Look below and pull out each line with the word "Diesel".

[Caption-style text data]

▽

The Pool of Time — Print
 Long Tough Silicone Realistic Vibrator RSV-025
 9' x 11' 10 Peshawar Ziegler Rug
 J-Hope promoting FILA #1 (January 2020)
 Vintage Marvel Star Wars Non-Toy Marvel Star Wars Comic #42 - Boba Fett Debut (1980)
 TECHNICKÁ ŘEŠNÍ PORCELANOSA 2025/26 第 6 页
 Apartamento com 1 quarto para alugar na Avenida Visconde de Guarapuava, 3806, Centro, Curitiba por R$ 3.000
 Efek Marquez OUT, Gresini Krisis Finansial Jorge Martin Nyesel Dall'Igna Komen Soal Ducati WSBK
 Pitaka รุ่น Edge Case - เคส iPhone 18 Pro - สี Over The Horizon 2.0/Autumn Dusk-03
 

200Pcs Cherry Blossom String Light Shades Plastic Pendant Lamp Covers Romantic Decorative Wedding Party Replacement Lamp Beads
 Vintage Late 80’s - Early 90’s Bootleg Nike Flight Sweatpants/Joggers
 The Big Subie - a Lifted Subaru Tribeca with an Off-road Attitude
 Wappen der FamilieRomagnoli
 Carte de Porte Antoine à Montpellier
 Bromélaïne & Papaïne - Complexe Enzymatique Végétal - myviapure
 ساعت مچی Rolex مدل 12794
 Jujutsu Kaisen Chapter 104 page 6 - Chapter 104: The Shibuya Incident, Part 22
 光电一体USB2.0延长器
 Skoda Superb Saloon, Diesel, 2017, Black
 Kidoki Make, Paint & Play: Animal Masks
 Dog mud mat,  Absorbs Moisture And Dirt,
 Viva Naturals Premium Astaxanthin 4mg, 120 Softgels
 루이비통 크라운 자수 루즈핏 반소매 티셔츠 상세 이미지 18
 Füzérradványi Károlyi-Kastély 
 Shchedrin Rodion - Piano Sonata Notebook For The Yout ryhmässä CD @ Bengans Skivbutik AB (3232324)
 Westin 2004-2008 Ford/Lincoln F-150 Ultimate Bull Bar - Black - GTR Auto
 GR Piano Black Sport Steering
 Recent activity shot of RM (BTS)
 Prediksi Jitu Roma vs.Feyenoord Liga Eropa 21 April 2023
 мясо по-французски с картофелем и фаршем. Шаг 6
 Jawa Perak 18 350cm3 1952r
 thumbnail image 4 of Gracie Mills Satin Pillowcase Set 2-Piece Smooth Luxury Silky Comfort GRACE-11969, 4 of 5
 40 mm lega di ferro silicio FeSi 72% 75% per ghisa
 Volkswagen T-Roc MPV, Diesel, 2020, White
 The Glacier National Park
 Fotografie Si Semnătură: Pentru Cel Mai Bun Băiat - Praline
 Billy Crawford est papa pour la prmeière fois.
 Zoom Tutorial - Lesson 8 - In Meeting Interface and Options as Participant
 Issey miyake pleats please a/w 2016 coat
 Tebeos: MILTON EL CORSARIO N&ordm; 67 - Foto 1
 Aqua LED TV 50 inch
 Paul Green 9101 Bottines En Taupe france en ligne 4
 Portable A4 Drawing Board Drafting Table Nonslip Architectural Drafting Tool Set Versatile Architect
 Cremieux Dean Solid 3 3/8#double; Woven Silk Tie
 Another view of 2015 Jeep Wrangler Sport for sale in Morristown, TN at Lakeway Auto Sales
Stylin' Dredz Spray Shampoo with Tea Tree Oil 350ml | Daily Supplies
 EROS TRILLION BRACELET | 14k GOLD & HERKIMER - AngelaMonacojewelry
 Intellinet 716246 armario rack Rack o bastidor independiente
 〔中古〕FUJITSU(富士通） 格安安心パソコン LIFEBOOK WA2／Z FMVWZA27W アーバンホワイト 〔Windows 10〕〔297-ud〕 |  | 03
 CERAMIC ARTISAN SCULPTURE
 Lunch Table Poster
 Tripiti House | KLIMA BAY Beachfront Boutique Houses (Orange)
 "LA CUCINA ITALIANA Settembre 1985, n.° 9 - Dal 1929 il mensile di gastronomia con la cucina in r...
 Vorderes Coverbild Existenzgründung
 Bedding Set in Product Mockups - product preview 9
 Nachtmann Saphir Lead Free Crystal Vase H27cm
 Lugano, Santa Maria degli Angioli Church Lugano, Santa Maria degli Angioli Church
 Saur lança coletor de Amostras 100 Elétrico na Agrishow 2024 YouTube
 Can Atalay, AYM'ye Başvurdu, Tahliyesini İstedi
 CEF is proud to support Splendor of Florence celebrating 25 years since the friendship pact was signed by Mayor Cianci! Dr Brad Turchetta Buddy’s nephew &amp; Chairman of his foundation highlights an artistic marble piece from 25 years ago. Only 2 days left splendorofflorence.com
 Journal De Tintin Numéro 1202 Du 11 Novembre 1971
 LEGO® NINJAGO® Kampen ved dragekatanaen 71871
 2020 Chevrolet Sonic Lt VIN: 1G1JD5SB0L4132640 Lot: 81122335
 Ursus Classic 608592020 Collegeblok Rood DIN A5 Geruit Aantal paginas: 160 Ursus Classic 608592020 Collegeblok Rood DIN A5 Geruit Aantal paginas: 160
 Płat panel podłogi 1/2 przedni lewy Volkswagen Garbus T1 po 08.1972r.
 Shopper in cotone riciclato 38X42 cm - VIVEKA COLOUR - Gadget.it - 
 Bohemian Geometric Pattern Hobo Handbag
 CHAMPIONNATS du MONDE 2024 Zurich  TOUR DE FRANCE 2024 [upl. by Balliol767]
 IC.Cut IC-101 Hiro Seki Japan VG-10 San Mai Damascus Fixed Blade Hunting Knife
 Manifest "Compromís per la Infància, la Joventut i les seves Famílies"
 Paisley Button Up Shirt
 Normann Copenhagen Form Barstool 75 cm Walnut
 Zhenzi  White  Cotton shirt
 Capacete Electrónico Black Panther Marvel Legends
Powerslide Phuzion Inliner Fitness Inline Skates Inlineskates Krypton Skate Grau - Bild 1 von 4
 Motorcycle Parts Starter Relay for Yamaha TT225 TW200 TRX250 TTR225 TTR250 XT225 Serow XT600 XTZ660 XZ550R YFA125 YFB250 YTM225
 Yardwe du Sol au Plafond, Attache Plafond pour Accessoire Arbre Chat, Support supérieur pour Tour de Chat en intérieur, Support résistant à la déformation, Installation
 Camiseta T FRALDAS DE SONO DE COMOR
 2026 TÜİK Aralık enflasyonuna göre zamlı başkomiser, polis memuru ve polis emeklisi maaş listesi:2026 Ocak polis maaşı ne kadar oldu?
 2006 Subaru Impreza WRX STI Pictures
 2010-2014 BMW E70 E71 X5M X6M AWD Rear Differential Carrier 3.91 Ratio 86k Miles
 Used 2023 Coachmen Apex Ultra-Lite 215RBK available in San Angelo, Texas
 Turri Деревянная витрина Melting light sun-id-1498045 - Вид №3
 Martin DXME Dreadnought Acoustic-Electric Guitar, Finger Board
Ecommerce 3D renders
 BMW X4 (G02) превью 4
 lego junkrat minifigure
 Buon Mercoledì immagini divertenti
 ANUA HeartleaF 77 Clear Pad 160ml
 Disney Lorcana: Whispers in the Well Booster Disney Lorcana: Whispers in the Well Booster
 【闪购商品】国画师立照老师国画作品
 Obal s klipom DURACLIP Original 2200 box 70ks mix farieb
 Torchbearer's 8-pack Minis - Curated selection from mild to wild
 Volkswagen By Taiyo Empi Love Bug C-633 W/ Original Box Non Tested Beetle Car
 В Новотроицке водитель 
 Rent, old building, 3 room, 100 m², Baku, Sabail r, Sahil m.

△

Answer area
 Skoda Superb Saloon, Diesel, 2017, Black
 Volkswagen T-Roc MPV, Diesel, 2020, White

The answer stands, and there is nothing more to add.